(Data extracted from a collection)
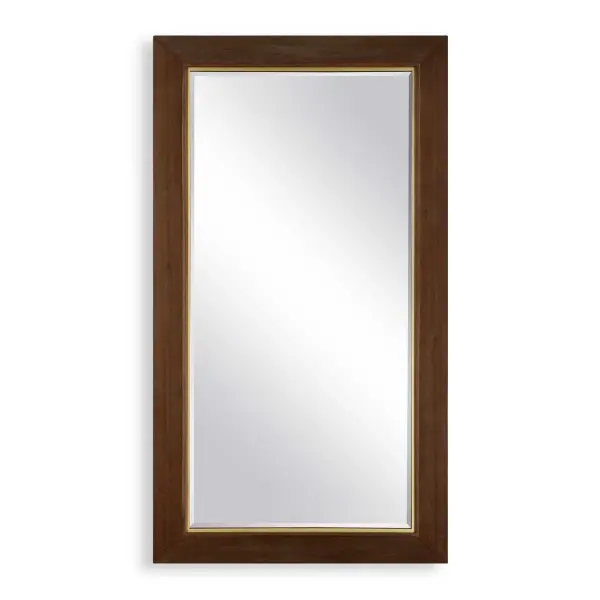 The Matheson Mirror Is Crafted With A Walnut Veneer Frame, Accented By A Brushed Gold Iron Inner Liner For A Touch Of Luxury. Mirror Has A Generous 1 1/4" Bevel. May Be Hung Horizontal Or Vertical. Collection: Matheson Designer: Grace Feyock Finish: Brushed Gold Width: 37.75" Height: 68.00" Length: 3.25" Weight: 58.00 lb Extension from Wall: 3.25" Material: Walnut Veneer, Mirror, Mdf, Iron Country of Origin: China Safety Rating: Indoor Only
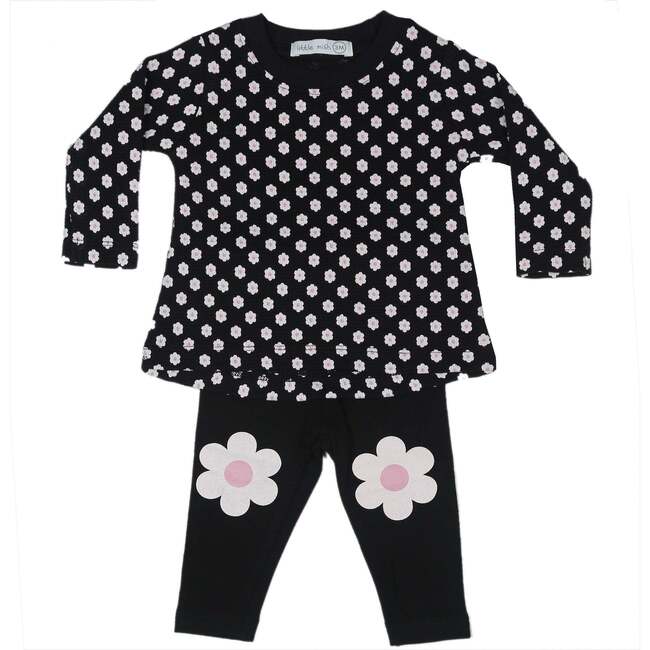Little Mish Baby Thermal A-line Top and Legging Set, Flowers on Black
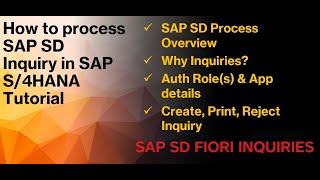 How to Process SAP S4HANA SD Inquiry Tutorial  SAP Sales amp Distribution  SAP S4HANA [upl. by Aietal788]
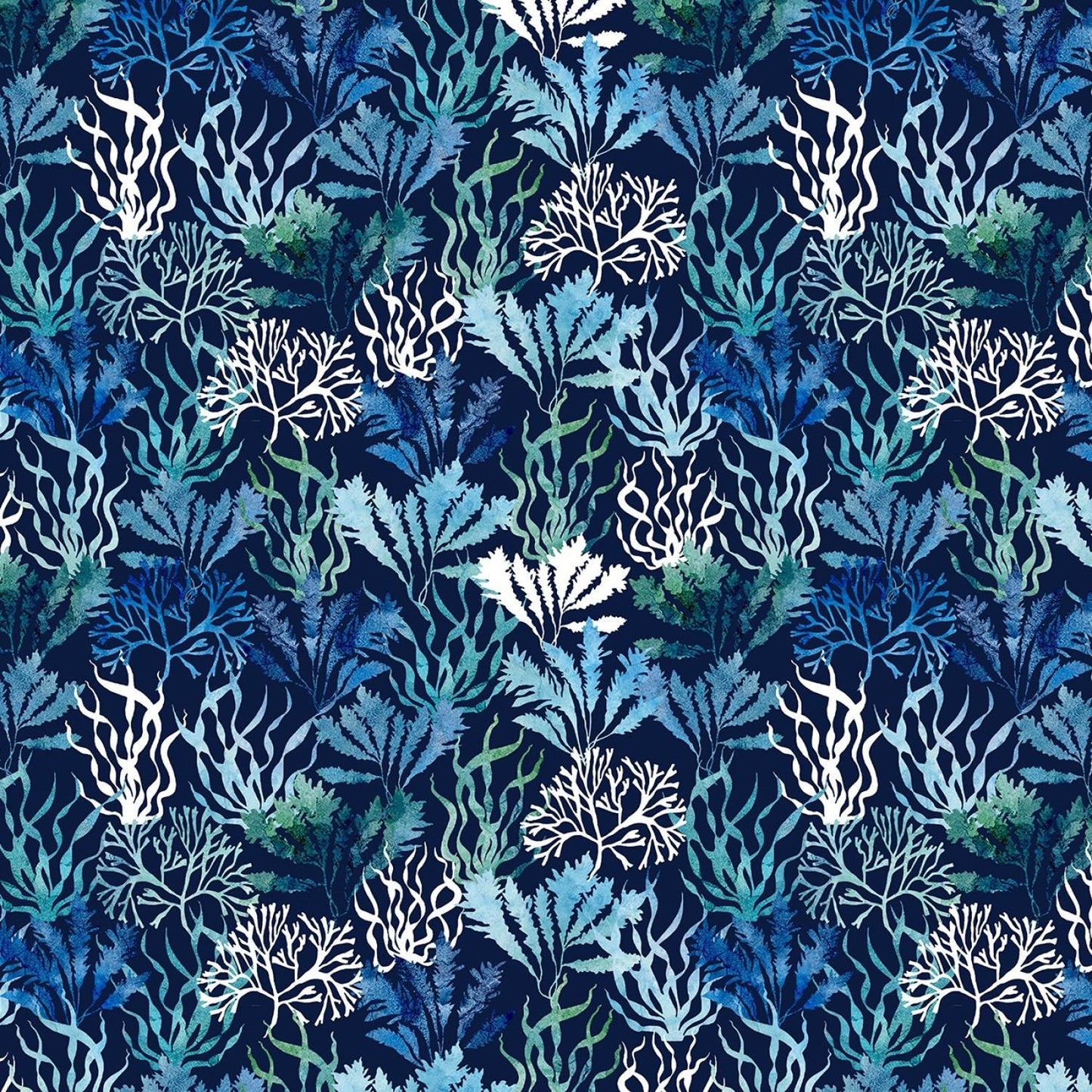 Fanciful Sea Life Seaweed Navy DCX9957-NAVY Cotton Woven Fabric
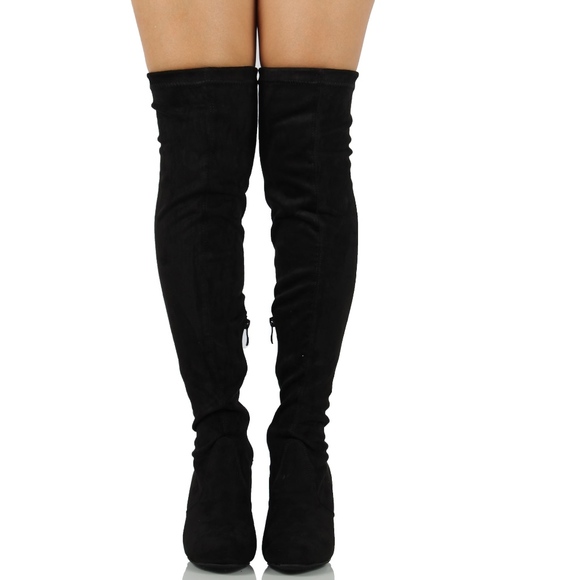 Size10  Black faux suede over the knee back tie he - Picture 3 of 6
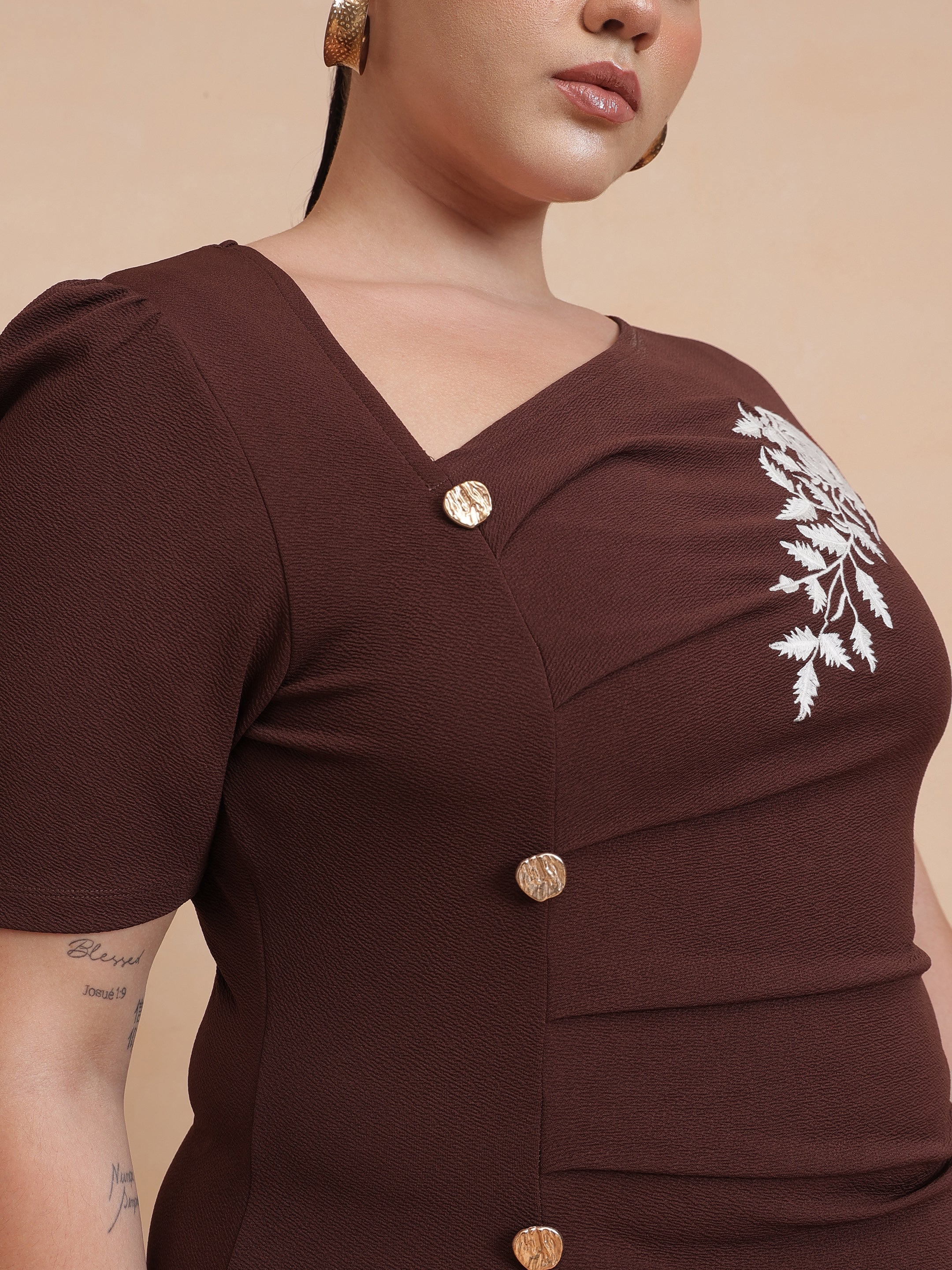 Women Brown Side Button Bodycon Dress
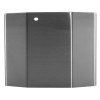 Front view of dorgard stainless steel cover with smooth brushed metal finish and small round hole near top edge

### What you are asked to do:
An exact copy is needed of the entries above, starting at the line that holds "Little Mish Baby" and stopping at the line that holds "Women Brown Side Button Bodycon Dress", both kept; pictures stay out.

### Result for this exercise:
Little Mish Baby Thermal A-line Top and Legging Set, Flowers on Black
 How to Process SAP S4HANA SD Inquiry Tutorial  SAP Sales amp Distribution  SAP S4HANA [upl. by Aietal788]
 Fanciful Sea Life Seaweed Navy DCX9957-NAVY Cotton Woven Fabric
 Size10  Black faux suede over the knee back tie he - Picture 3 of 6
 Women Brown Side Button Bodycon Dress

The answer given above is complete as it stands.